Stephan Mösch: Wieland hat ein Jahr vor seinem Tod gesagt: „Ich breche rechtzeitig aus, um weiterleben zu können.“ Dieses letzte Ausbrechen war ihm nicht vergönnt. Trotzdem: Er hat sich immer wieder radikal von Dingen gelöst, die vorher wichtig für ihn waren. Das macht ihn für die Forschung so spannend. Wir versuchen, das unter den Aspekten von Ästhetik und Zeitgeschichte in den Griff zu bekommen. Dazu kommt seine Wirkung. Gerade heute, nachdem das sogenannte „Regietheater“ zur Geschichte gehört, ist sein Ansatz wieder spannend für junge Regisseure. Tobias Kratzer und Stefan Herheim haben sich nicht zufällig auf ihn bezogen.

Ist die Tendenz zur Entrümpelung der Bühne und die Auseinandersetzung mit der Archetypenlehre C.G. Jungs allein mit dem Namen Wieland Wagner verbunden?
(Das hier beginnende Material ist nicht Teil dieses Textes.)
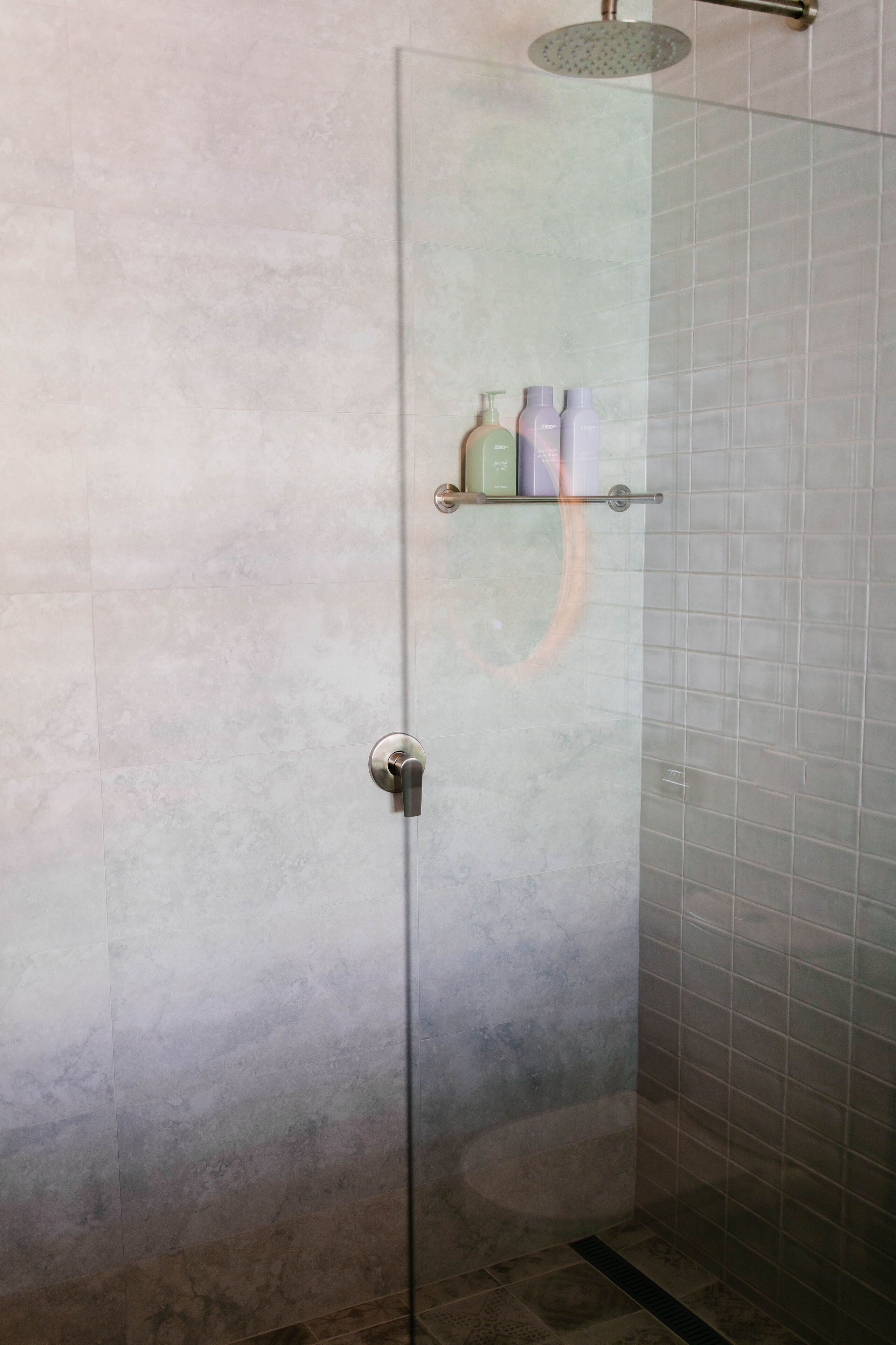 A glass-enclosed shower with a shelf holding toiletries.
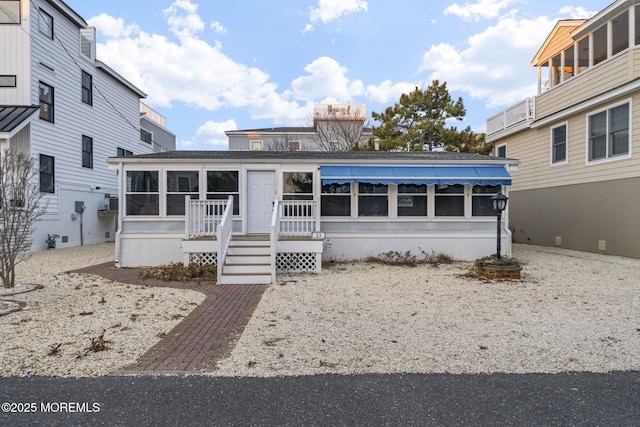 view of front of property with a sunroom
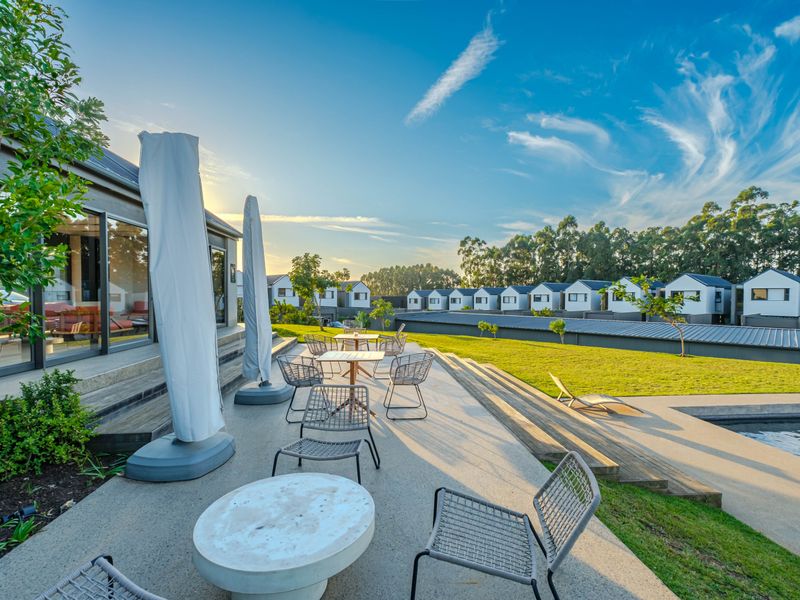 Spacious outdoor patio area featuring concrete paving, timber decking, and direct access to a swimming pool and landscaped garden.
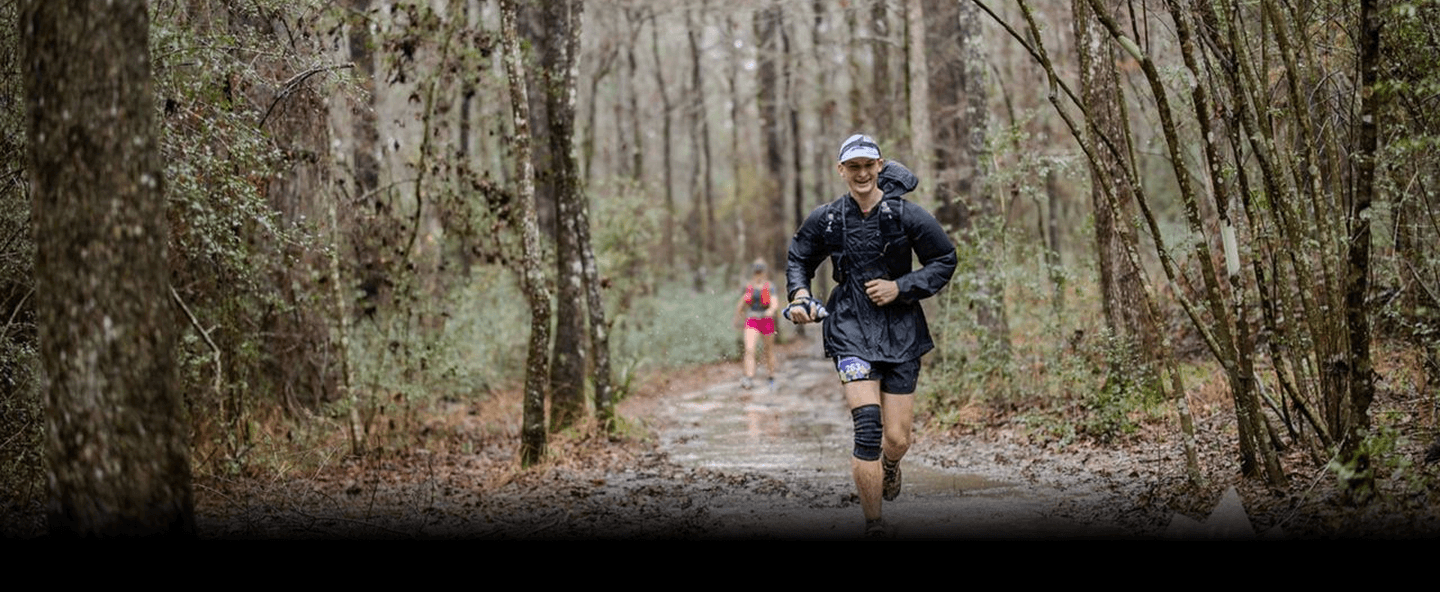 A long distance marathon runner, jogging along a wooded trail.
Oder wurde diese Ästhetik auch von anderen Regisseuren realisiert?

Mösch: Heinz Tietjen, zu dem Wieland privat und beruflich immer ein gespanntes Verhältnis hatte, schrieb nach dem Krieg: Er und der Bühnenbildner Emil Preetorius seien die ersten Entrümpler gewesen. In gewissem Sinn hatte er damit recht. Wieland hat – auch was die Technik betrifft – viel von Preetorius gelernt. So wie natürlich von Craig und Jung. Neu war, wie er Appias Ideen nicht nur auf den Raum, sondern auch auf die Figuren bezog. Neu war auch, wie er die Tiefenpsychologie auf Wagner anwandte. Der Stil von „Neu-Bayreuth“ ist ein Mix und hat viele Wurzeln. Das mindert nicht seine revolutionäre Kraft.

Hat Wieland Wagner den ästhetischen Wandel nach den Kriegsjahren aus tiefer Überzeugung vollzogen oder folgte er einer Notwendigkeit, da ohne diesen Wandel die Fortführung der Festspiele gefährdet gewesen wäre?

Mösch: Beides. Im Hauptstaatsarchiv in München liegt ein Typoskript von Wieland mit dem Titel „Die Musik“, vom Archiv auf 1948 datiert. Da merkt man, wie er sich erst allmählich an sein späteres Wagner-Bild herantastet. Oft paraphrasiert er seinen Großvater, exzerpiert ihn quasi. Es war auch bei ihm selbst ein Bewusstseinswandel – und sicher ein Bedürfnis. Die Rede vom ästhetischen „Bruch“ war dann nötig, um Bayreuth nach dem Krieg geschichtsphilosophisch überhaupt wieder etablieren zu können. Eine Art Vorwärtsverteidigung. Aus heutiger Sicht ist diese kämpferische Rhetorik der Nachkriegszeit bemerkenswert. Wieland schrieb von „Impotenz“, wenn es um die alte Wagner-Bühne ging. Bundespräsident Heuss meinte, Nürnberg müsse „gereinigt“ werden. Es hat eben auch in dieser Hinsicht keine „Stunde null“ gegeben.

Der Titel Ihres Vortrags am Freitag um 10 Uhr lautet „Der Flieder war’s“. Worum geht es?

Mösch: Die „Meistersinger“ sind ein gutes Beispiel, um Wielands Größe, aber auch seine Wandlungen zu zeigen. Seine Inszenierungen von 1956 und 1963 könnten nicht gegensätzlicher sein. Einmal hat er das Stück in Ideenräumen sakral hochstilisiert, dann als derbes Rüpelspiel gezeigt. Der Schluss der Prügelfuge war 1963 so radikal, dass Wieland ihn sofort nach der Premiere änderte. Da stieg der Nachtwächter über eine Art Leichenfeld. Man muss sich das vorstellen: In sich verkeilte, bleiche Körper und darüber der gespenstische Ruf nach Ruhe und Ordnung. Wieland hat die „Schwabinger Krawalle“ von 1962 mitgedacht, bei denen sich schon die Revolten von ’68 ankündigten. Man kann aber auch ganz andere Assoziationen haben. Nachtwächter seien „Zeitgenossen, die von nichts etwas mitbekommen“, schrieb Wieland. Vielleicht hat er mit diesem Bild sein Schweigen ein Stück weit gebrochen.